Friday, October 21, 2016

#SOL16: Holding Their Tongues and Impossible Futures

from my art journal 10.1.16 (Gesso, marker, acrylic paint)


I.

When I was 15,  I first read Edith Wharton's slim novel about impossible futures. By the end of Ethan Frome, tragedy has occurred.  Ethan and Mattie try for that impossible future by sledding into a big elm and neither accomplish the permanence of death. At the top of the hill, seated on a sled, the narrator comments that Ethan
"...sat still a moment, straining his eyes down the long hill, for it was the most confusing hour of the evening, the hour when the last clearness from the upper sky is merged with the rising night in a blur that disguises landmarks and falsifies distances."

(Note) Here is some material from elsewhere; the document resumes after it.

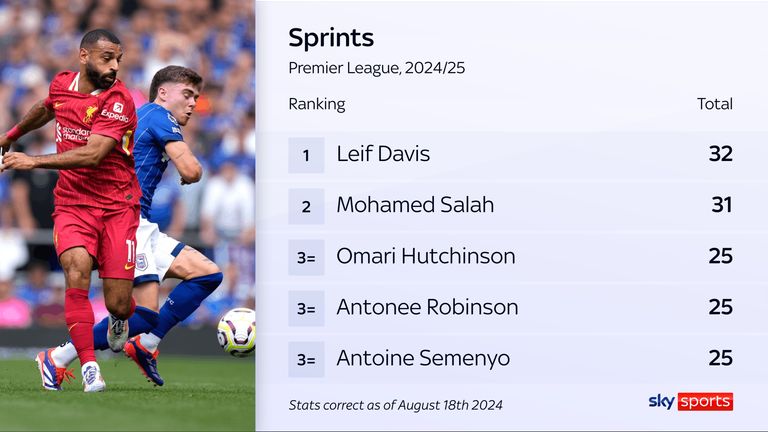 Mohamed Salah and Leif Davis were locked in a running battle as Liverpool beat Ipswich on the opening weekend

And isn't this an apt description of those times we leave the present moment and try for a future that is not ours? What seems most certain in the present is obscured when we peer beyond where the soles of our feet meet earth. And yet the impulse to do so, remains strong.


II.


Tonight I wonder what it is it about impossible futures that beckon? Why do they seem to call to us when we would rather be anywhere but the present moment. Sorrow anchors a desire for what cannot be, while being fueled by all that has been lost. The tension between is almost too much to bear. Towards the end of his life, Rob's sure-footedness here on earth slipped more and more. And I could do nothing except bear witness as the pull for life lessened. The man I married left before his last breath gave out.

III.


The novel closes with the two residing once again under the weight of Ethan's too sad wife Zeena. The three know only sorrow and anger and pain. Mrs. Hale a fellow townsperson from Starkfield, closes the text by saying,
"And I say, if she'd ha' died, Ethan might ha' lived; and the way they are now, I don't see's there's much difference between the Fromes up at the farm and the Fromes down in the graveyard; 'cept that down there they're all quiet, and the women have got to hold their tongues."
Imagine that holding your tongue is sum difference between living and not.


IV.

I'm a photographer with hundreds of photographs of our son and now each one reminds me of Rob. Something simple like getting Devon shoes when he was just a toddler is a story. I remember how very much we loved. Each image is a story we shared. A truth we learned. A record. Some are silly, others less so. But what I know tonight is that we lived fully, unlike poor Ethan and Mattie. We did not wait for a future that would not arrive. we lived. Ethan and Mattie flirted with love and lost. We did not.


V.

No more than an hour after Rob learned he would die, my husband's thoughts were of me and our son. As his grip on this world loosened he somehow found the grounding to tell me what I most needed to know--what I, at the time, did not know I would need so dearly.

"Live brilliantly," Rob would tell me. "Love Devon and live."

I am, Rob. I am.


1 comment:

  1. Bravo to you MaryAnn for continuing on into the future.